The 2018–19 FA Cup qualifying rounds open the 138th season of competition in England for The Football Association Challenge Cup (FA Cup), the world's oldest association football single knockout competition. A total of 736 teams were accepted for the competition, one fewer than the previous year's 737. 

The large number (644) of non-League teams entering the tournament, from (Levels 5 to 10) in the English football pyramid, required the competition to start with six rounds of preliminary (2) and qualifying (4) knockout matches.
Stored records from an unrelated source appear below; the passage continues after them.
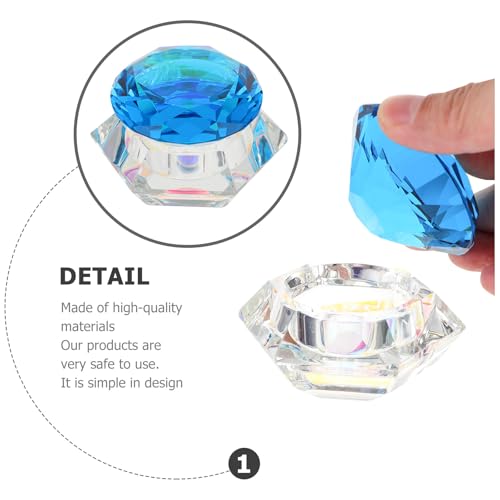 Vaso cristal para lavar pinceles de manicura miniatura 3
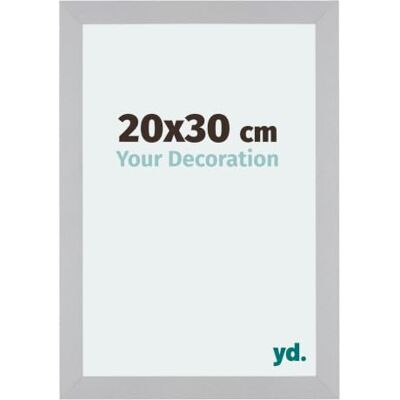 yd. Bilderrahmen 20x30 cm Silber Matt MDF Rahmen Mura Your Decoration, Acrylglas aus Kunststoff, Wandmontage, Geeignet für Fotos, Poster und Puzzles, Made in Holland yd. Bilderrahmen 20x30 cm Silber Matt MDF Rahmen Mura Your Decoration, Acrylglas aus Kunststoff, Wandmontage, Geeignet für Fotos, Poster und Puzzles, Made in Holland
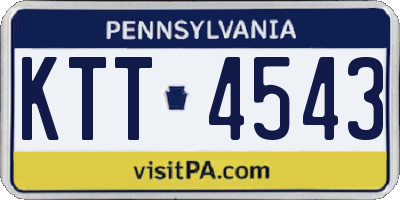 PA license plate KTT4543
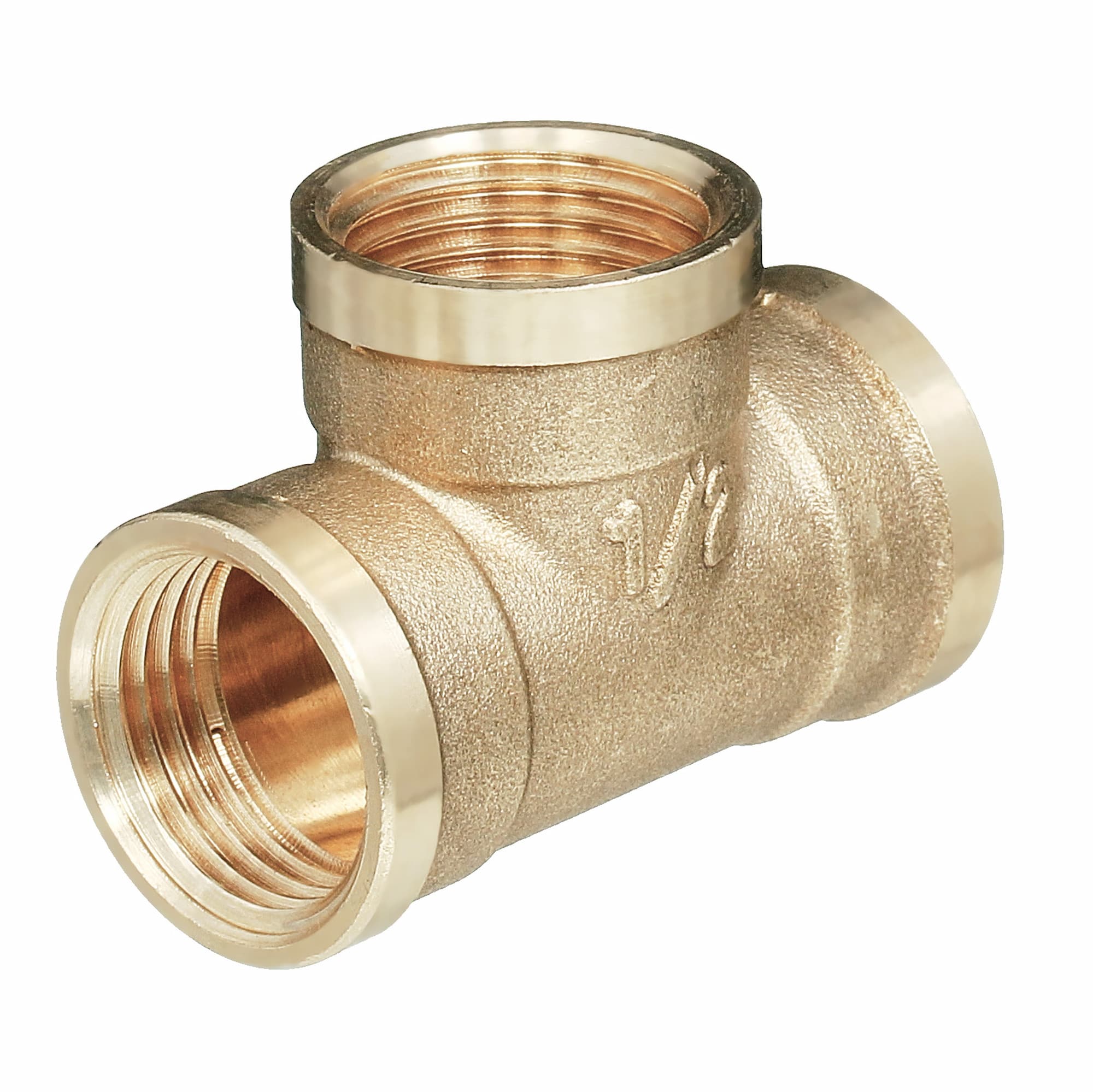 Тройник латунный 15 В-В-В - фото1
The 32 winning teams from the Fourth qualifying round progressed to the First Round Proper, where League teams tiered at Levels 3 and 4 entered the competition.

Calendar
The calendar for the 2018–19 FA Cup qualifying rounds, as announced by The Football Association.

Extra preliminary round
The Extra preliminary round fixtures were played on Friday 10, Saturday 11 and Sunday 12 August 2018; replays were to take place no later than Thursday 16 August 2018. The draw was held on Friday 6 July 2018. A total of 368 teams, from Level 8, Level 9 and Level 10 of English football, entered at this stage of the competition. The round included 80 teams from Level 10 of English football, the lowest ranked clubs to compete in the tournament.

Preliminary round
The Preliminary round fixtures were played on Friday 24, Saturday 25, Sunday 26 and Monday 27 August 2018; replays were to take place no later than Thursday 6 September 2018. The draw was held on 6 July 2018. A total of 320 clubs took part in this stage of the competition, including the 184 winners from the Extra preliminary round and 136 new clubs: 120 remaining clubs from Level 8 (all except Bracknell Town and Guernsey) and 16 clubs (those, who were promoted from level 8) from Level 7 of English football. The round included 32 teams from Level 10, the lowest-ranked teams still in the competition.

First qualifying round
The First qualifying round fixtures were to be played on Friday 7, Saturday 8 and Sunday 9 September 2018; replays no later than Thursday 13 September 2018. The draw was held on 28 August 2018. A total of 232 teams took part in this stage of the competition, including the 160 winners from the Preliminary round and 72 entering at this stage from the four divisions at Level 7 (all except those who were promoted from level 8) of English football. The round included eight teams from Level 10, the lowest-ranked teams still in the competition.

Second qualifying round
The Second qualifying round fixtures were played on Saturday 22 and Sunday 23 September 2018; the last replay played on Thursday 7 October 2018. The draw was held on 10 September 2018. A total of 160 teams took part in this stage of the competition, including the 116 winners from the First qualifying round and 44 entering at this stage from two divisions at Level 6 of English football. The round included Anstey Nomads, Atherstone Town and Burnham from Level 10, the lowest-ranked teams still in the competition.

Third qualifying round
The Third qualifying round fixtures were to be played on Saturday 6 October 2018 with all replays completed by Thursday 11 October 2018. The draw took place on 24 September 2018. The 80 winning teams from the Second qualifying round took part in this stage of the competition and no additional teams entered at this stage. The round included Dunston UTS, from Level 9 of the football pyramid as the lowest-ranked team still in the competition.

Fourth qualifying round
The Fourth qualifying round fixtures were played on Saturday 20 October 2018 with all replays completed by Thursday 25 October 2018. The draw took place on 8 October 2018. A total of 64 teams took part in this stage of the competition: the 40 winners from the Third qualifying round and the 24 members of the National League who entered at this stage, representing Level 5 of English football. The round included Dunston UTS from Level 9 of the football pyramid, the lowest-ranked team still in the competition.

Competition proper

32 winners from the Fourth qualifying round advance to the First Round Proper, where 48 teams from League One (Level 3) and League Two (Level 4) of English football, operating in the English Football League, enter the competition.

Broadcasting rights
The qualifying rounds aren't covered by the FA Cup's broadcasting contracts held by BBC Sport and BT Sport, although one game per round will be broadcast by the BBC on its media platforms.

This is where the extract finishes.